No doubt: In heavy precipitation years, even the austere hills outside of town can glow with the subtle beauty of blooming cactus, vetch and other species. Still, nothing equals the super bloom that turned parts of Southern California into gold, with poppies so bright and abundant that they appeared on satellite images. The flowers, however, were almost eclipsed by the people who pursued them.
In Lake Elsinore, an epic human tide trampled and Instagrammed its way across the Walker Canyon poppy fields, until town officials had to temporarily close off access.
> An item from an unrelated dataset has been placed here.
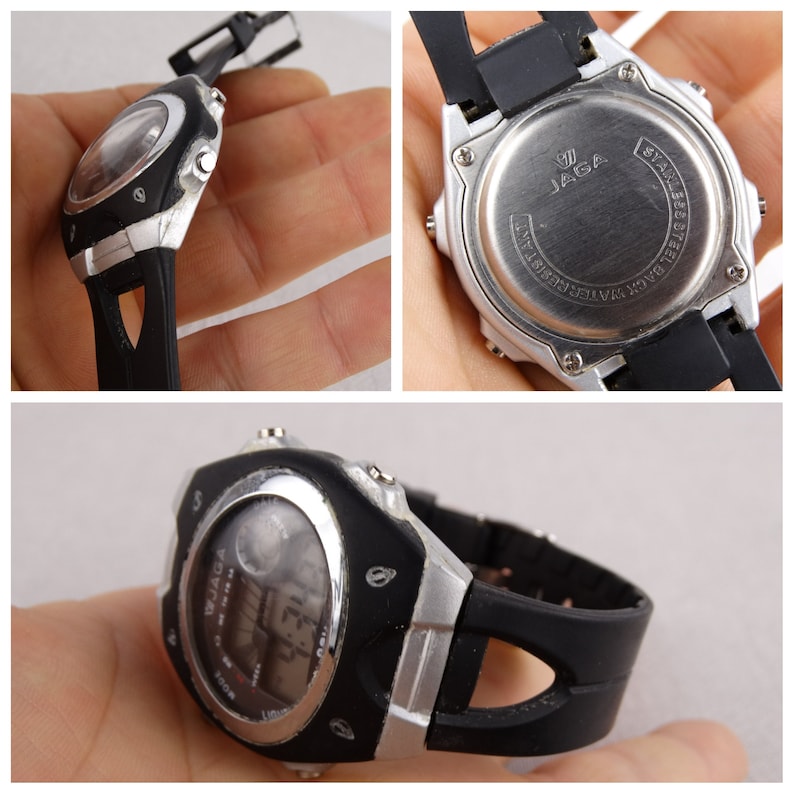 May include: A black and silver digital wristwatch with a black rubber band. The watch face has a silver bezel and a black background with white digital numbers. The watch has a JAGA logo on the back.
Someone even landed a helicopter in the middle of a field for an illegal hike, roaring off minutes before law enforcement arrived, according to the LA Times.
The West has a long tradition of people doing ignorant things with little regard for the natural world. On the macro level, that includes clear-cutting most of the Pacific Northwest’s native forests, allowing millions of livestock to denude and simplify our desert ecosystems, and digging countless mines in the mountains with no thought for the subsequent pollution. But there are oodles of smaller atrocities, such as the unfortunate endangered species case painstakingly documented in this issue by Assistant Editor Paige Blankenbuehler.
The three drunken men who ended up at the pool in Death Valley National Park that is the only home of the Devils Hole pupfish didn’t know that they were caught on camera, or that the U.S. Fish and Wildlife Service would throw the book at them for killing a fish, however accidentally. As Blankenbuehler notes, trespassing has long been a threat to the pupfish, whose population currently is 136. But this was the first time it resulted in a conviction that led to jail time, and, apparently and surprisingly, true contrition from the offender.
It’s refreshing to see the Endangered Species Act so effectively enforced at a time when the Trump administration is so intent on gutting it. Environmental laws are one way we force ourselves to consider the impact of our actions and show restraint. Another way can be found in our second fish tale. In Dutch Harbor, Alaska, writer Ben Goldfarb discovers a high-tech commercial fishing operation that takes seriously the idea that fish feel pain and therefore deserve a respectful death before they end up on our plates. Let’s hope that Blue North Fisheries is on the edge of an industry-wide ethical revolution.
Under a strengthening April sun last weekend, I headed out in search of a super bloom. But someone had beaten me to it. On the hills above the Gunnison River, hundreds of sheep grazed off the early green growth, leaving hoof-churned soil, like a rototilled garden, in their hungry wake.